One of the best features of this book is that Kramer is willing to be honest about his own feelings about the organization he has belonged to for so many years. If some aspect strikes him as worthwhile, he doesn't hold back from saying so either implicitly or explicitly. If some incident or feature strikes him as problematic, that comes through, too. He is neither bashful nor chauvinistic. I can guess that he feels that if some readers are going to dismiss the SCA or his study as too weird for words, well, then, they should read another book. This straightforward approach to the material makes it a lot more lively than a lot of cultural/anthropological studies.
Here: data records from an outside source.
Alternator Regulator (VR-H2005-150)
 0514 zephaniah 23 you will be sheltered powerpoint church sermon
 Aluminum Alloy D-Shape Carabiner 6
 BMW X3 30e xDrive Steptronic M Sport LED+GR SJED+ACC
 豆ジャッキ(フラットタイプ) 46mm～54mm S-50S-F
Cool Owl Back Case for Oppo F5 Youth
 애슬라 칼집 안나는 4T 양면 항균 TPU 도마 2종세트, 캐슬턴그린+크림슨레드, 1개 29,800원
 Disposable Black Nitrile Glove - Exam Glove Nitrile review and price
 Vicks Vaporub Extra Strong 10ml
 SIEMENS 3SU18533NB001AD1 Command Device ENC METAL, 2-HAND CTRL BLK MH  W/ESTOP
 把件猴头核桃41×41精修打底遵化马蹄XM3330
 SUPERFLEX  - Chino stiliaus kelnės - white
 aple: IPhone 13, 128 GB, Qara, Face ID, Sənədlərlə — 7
As an informed reader with a great deal of SCA experience myself, I got some good laughs from his accurate observation. It didn't hurt that I know or have heard of most of the people he interviewed, quoted, or told good stories about. For somebody like me, this book could almost be entitled Famous Eccentrics of the SCA. For readers coming to this book for scholarly treatment, Cramer's deft use of anecdotes is actually a strength, because they are well-chosen and well discussed. They're not just there for freak-show value. Cramer is far from condescending to his subjects; if a famous eccentric in the book it's for a good reason.
I am not sure how this book will be received by theorists of performance or postmodernism, but I've always thought that the SCA was an interesting cultural phenomenon, and I think this may be the best, or at least most sophisticated, treatment of that phenomenon.
Image: the cool cover. There are lots of cool pictures on the inside, too.